A six-state snapshot
The Times/Siena surveys, conducted June 15 to 29 among 3,659 likely voters across Alaska, Iowa, Maine, North Carolina, Ohio and Texas, found Democrats leading in two of the six seats, tied in one and trailing narrowly in the others, the Siena Research Institute reported. The margin of sampling error is roughly five percentage points in each state — meaning most of the races are, statistically, too close to call.
Republicans hold the Senate 53 to 47. With the vice president able to break ties, Democrats would need to net four seats to take control.

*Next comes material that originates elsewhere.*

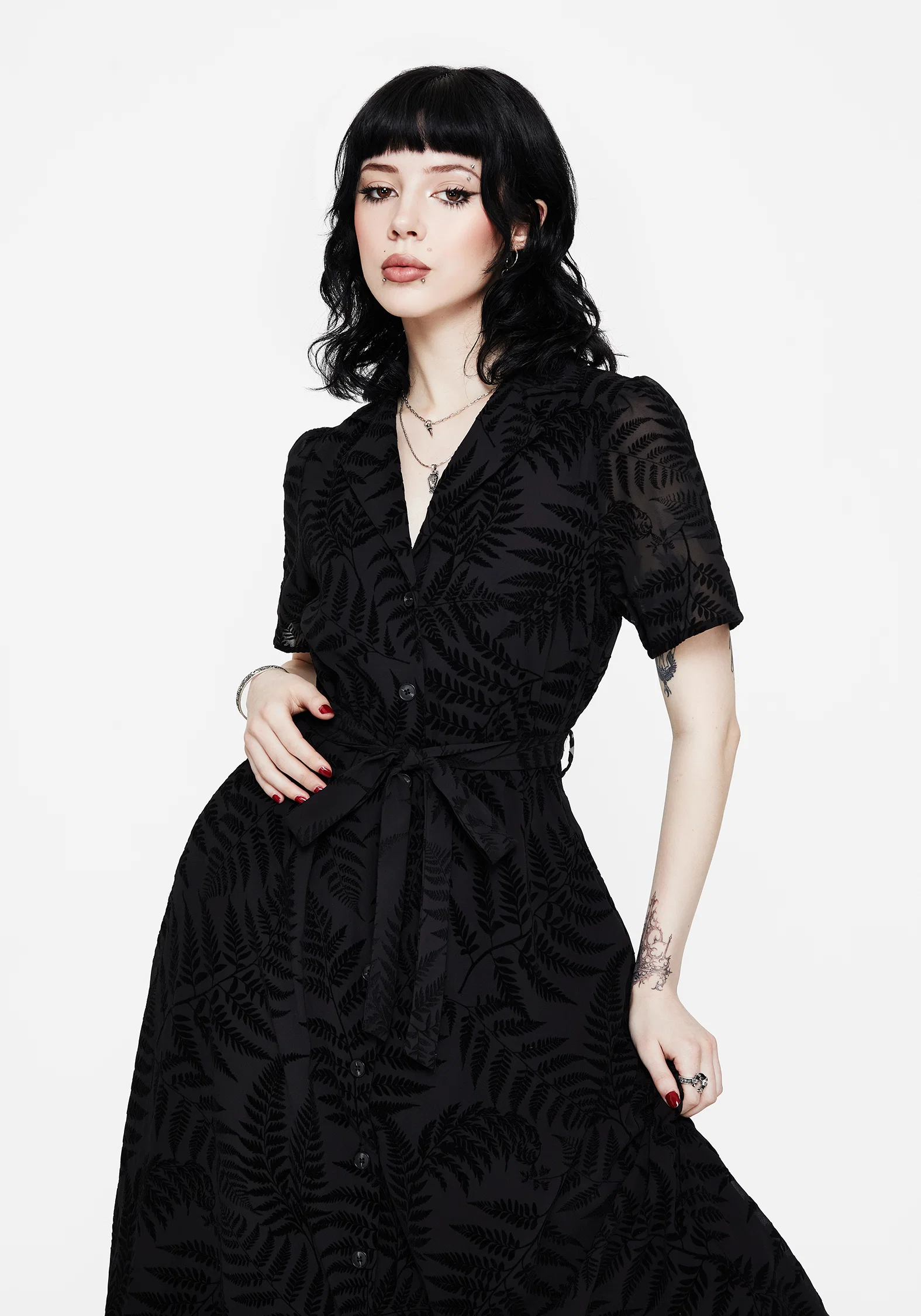 Lunafern Fern Printed Belted Midi Shirt Dress - Image 5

The numbers, state by state
In North Carolina, where Sen. Thom Tillis is retiring, former Gov. Roy Cooper (D) leads Michael Whatley (R) 50 percent to 43 — the widest margin in the survey. In Maine, challenger Graham Platner (D) edges Sen. Susan Collins (R) 49 to 47. In Texas, state Rep. James Talarico (D) and Attorney General Ken Paxton (R) are tied at 47 apiece.

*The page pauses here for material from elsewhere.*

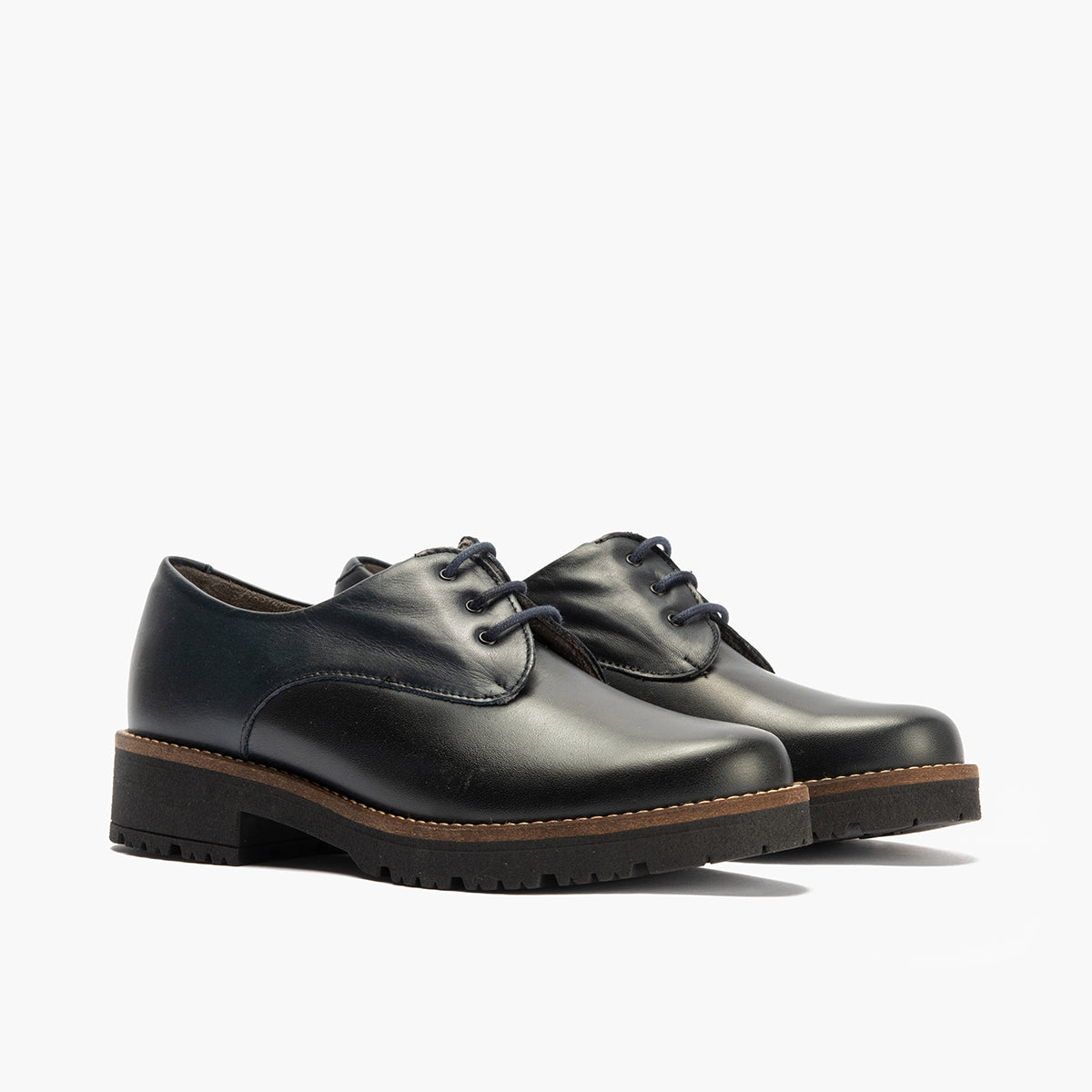Blucher en Napa con cordones de mujer color marino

Republicans hold slim leads elsewhere: Sen. Jon Husted (R) over former Sen. Sherrod Brown (D) 50-47 in Ohio; Rep. Ashley Hinson (R) over Josh Turek (D) 48-46 in Iowa; and Sen. Dan Sullivan (R) over former Rep. Mary Peltola (D) 47-45 in Alaska.

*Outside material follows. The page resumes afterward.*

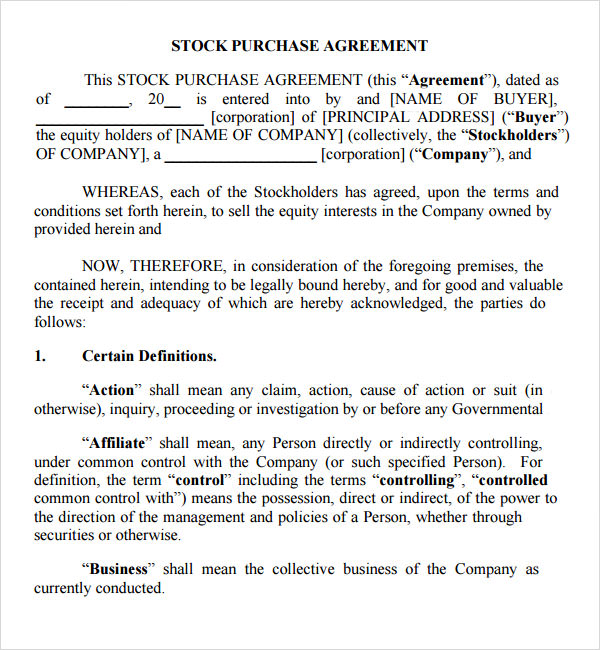 Example of Stock Purchase Agreement Template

What the polls can and cannot say
These are surveys, not results. At roughly five points of error per state, the leads in Maine, Texas, Ohio, Iowa and Alaska all fall within the range of statistical uncertainty, and much can change before November — fundraising, turnout operations and the economy among them. Polls can also diverge: a separate Fox News survey of Maine in late June showed Collins ahead by three, the opposite of the Times/Siena finding.
The broader environment
Independent measures point to a competitive map. President Trump's approval stood at 38 percent in a recent YouGov/Economist poll, with a majority disapproving, and Newsweek reported that analysts see a midterm climate that historically favors the party out of power. Republicans counter that they will draw sharp contrasts on fiscal and social policy and are defending incumbents in states Trump carried comfortably in 2024.
To reach a majority, Democrats would likely need to hold their leads in North Carolina and Maine and then win at least two of the four toss-ups, The Hill noted — a narrow but real path. "The fight for control of the U.S. Senate is on," said Siena Research Institute director Don Levy.